Directions for this task
From the first line below to the last, reproduce the material exactly and leave out the images.

Supplied data
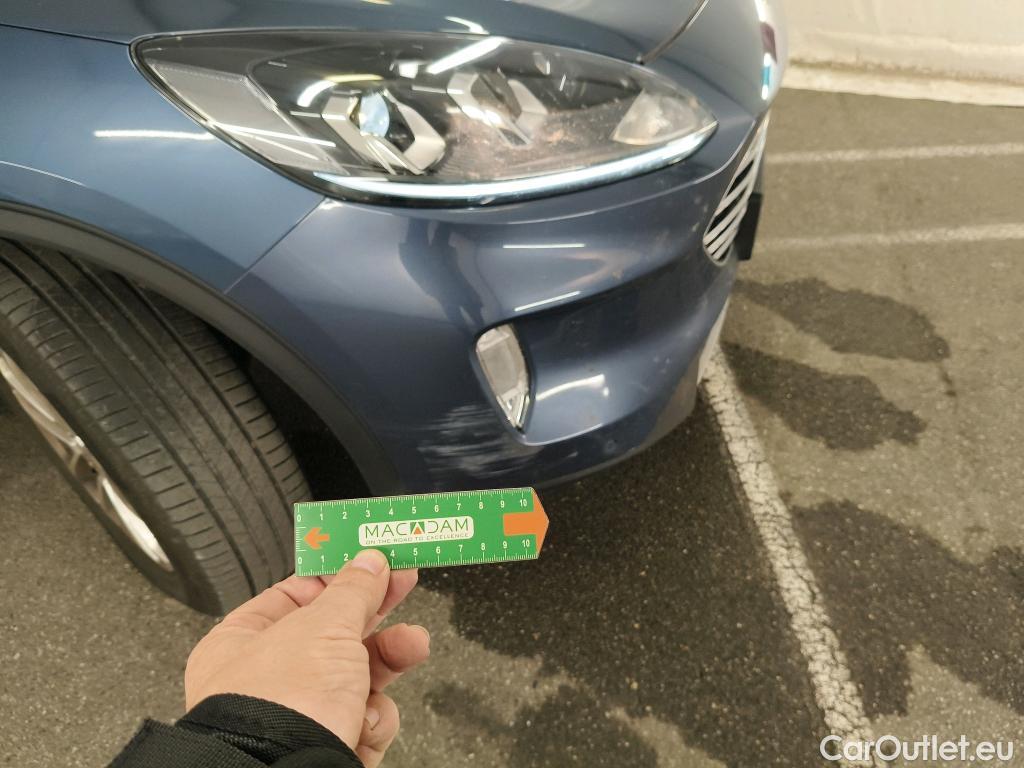  Ford  Kuga FORD  / 2019 / 5P / SUV 2.5 190 hybrid Flexifuel Pshift Titanium #16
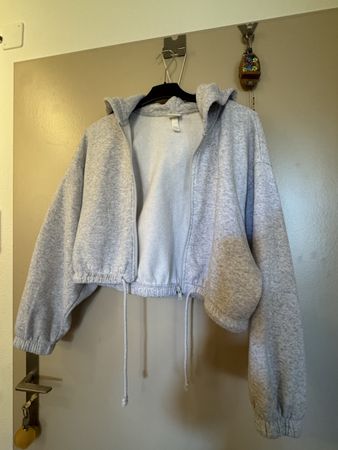 Crop Hoodiejacke grau, Grösse XS, Top Zustand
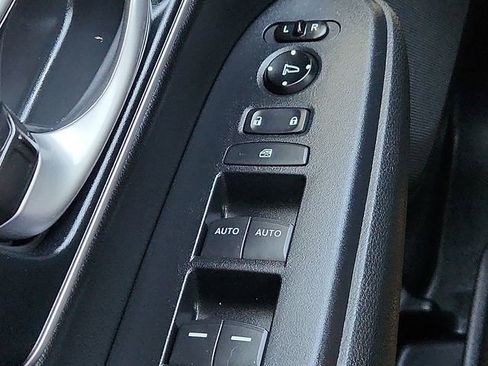 Used 2020 Honda CR-V Touring image 22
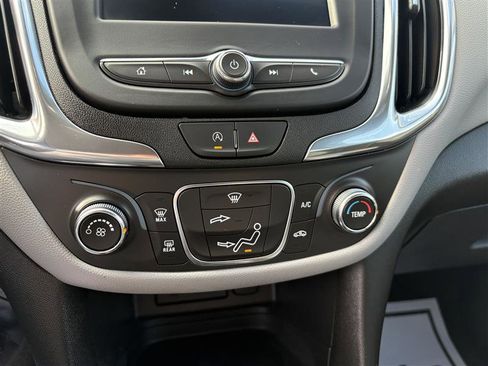 Used 2023 Chevrolet Equinox LT AWD/4WD image 13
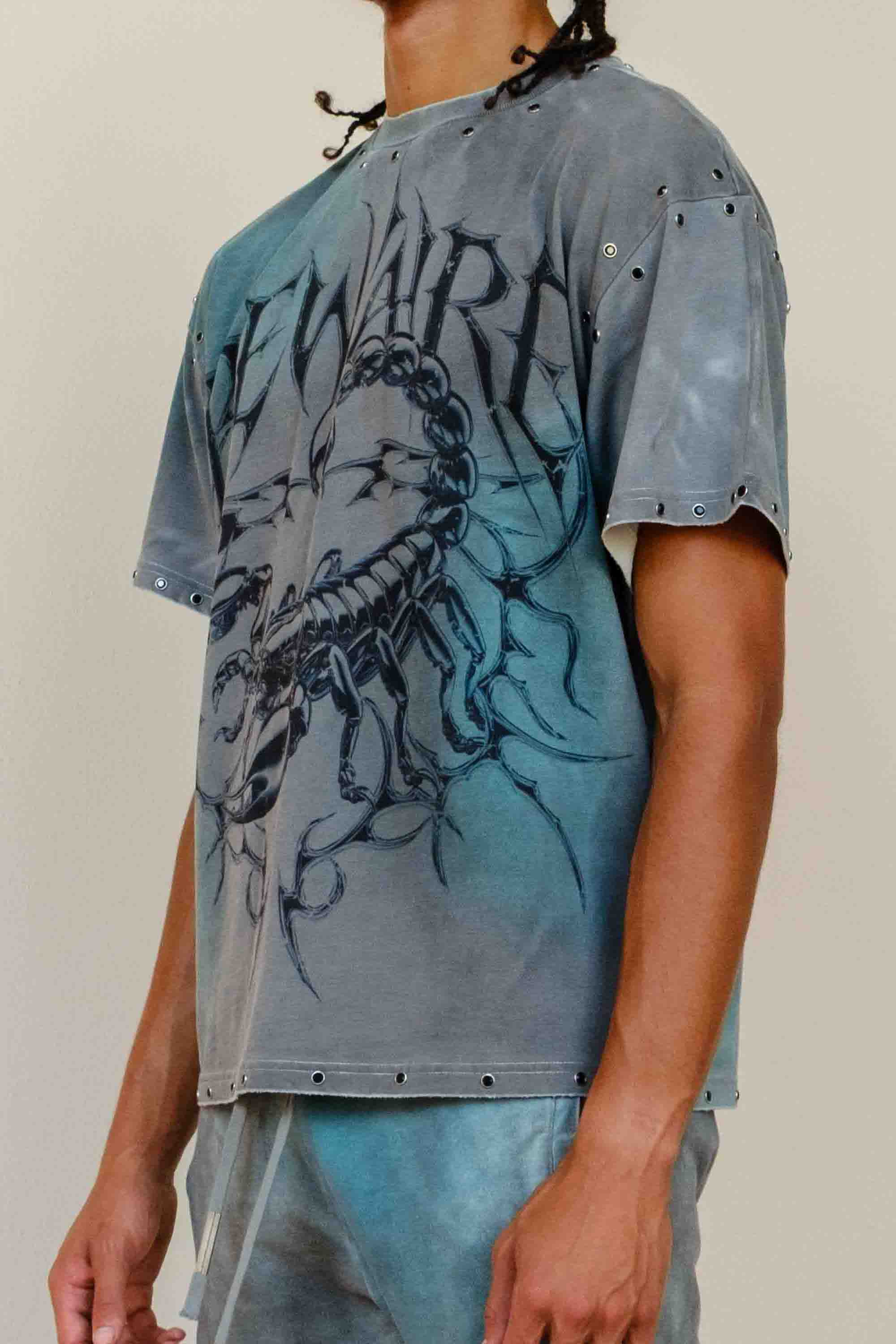 BEWARE WAKE UP & BE FIERCE GREEN MIST SCORPION CROPPED TEE
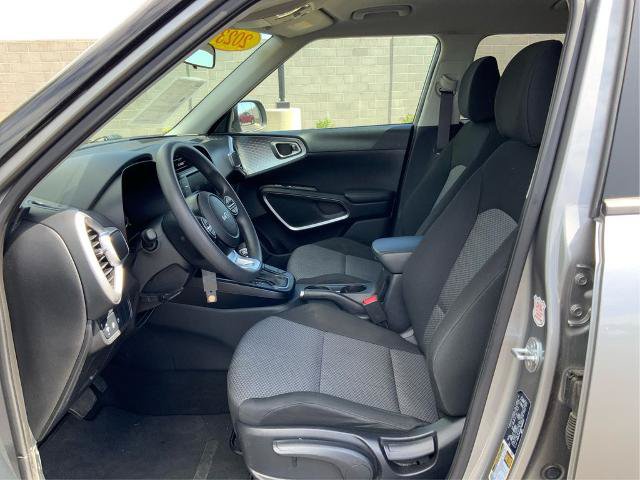 Used 2023 Kia Soul LX w/ Option Group 015 FWD image 9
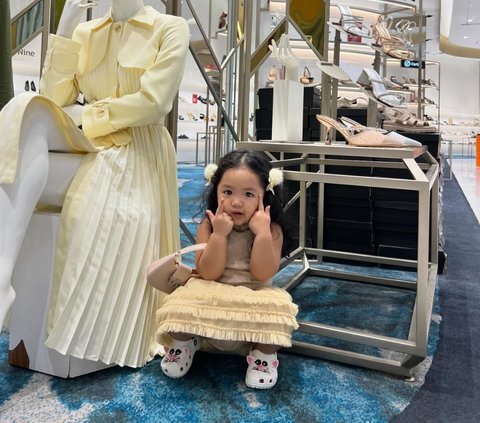 Gemasnya Xarena Anak Siti Badriah Shopping di Mal, Bawa Tas lalu Gaya Foto Sama Manekin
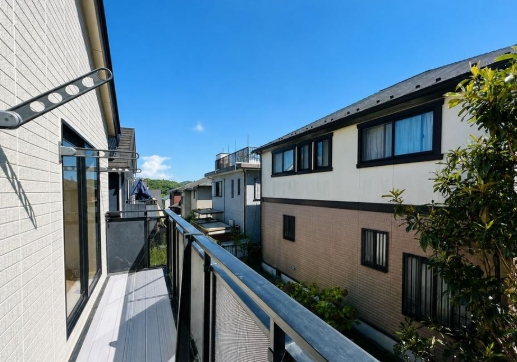 八王子市西片倉3丁目の中古戸建てのバルコニーの写真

Solved problem
  Ford  Kuga FORD  / 2019 / 5P / SUV 2.5 190 hybrid Flexifuel Pshift Titanium #16
 Crop Hoodiejacke grau, Grösse XS, Top Zustand
 Used 2020 Honda CR-V Touring image 22
 Used 2023 Chevrolet Equinox LT AWD/4WD image 13
 BEWARE WAKE UP & BE FIERCE GREEN MIST SCORPION CROPPED TEE
 Used 2023 Kia Soul LX w/ Option Group 015 FWD image 9
 Gemasnya Xarena Anak Siti Badriah Shopping di Mal, Bawa Tas lalu Gaya Foto Sama Manekin
 八王子市西片倉3丁目の中古戸建てのバルコニーの写真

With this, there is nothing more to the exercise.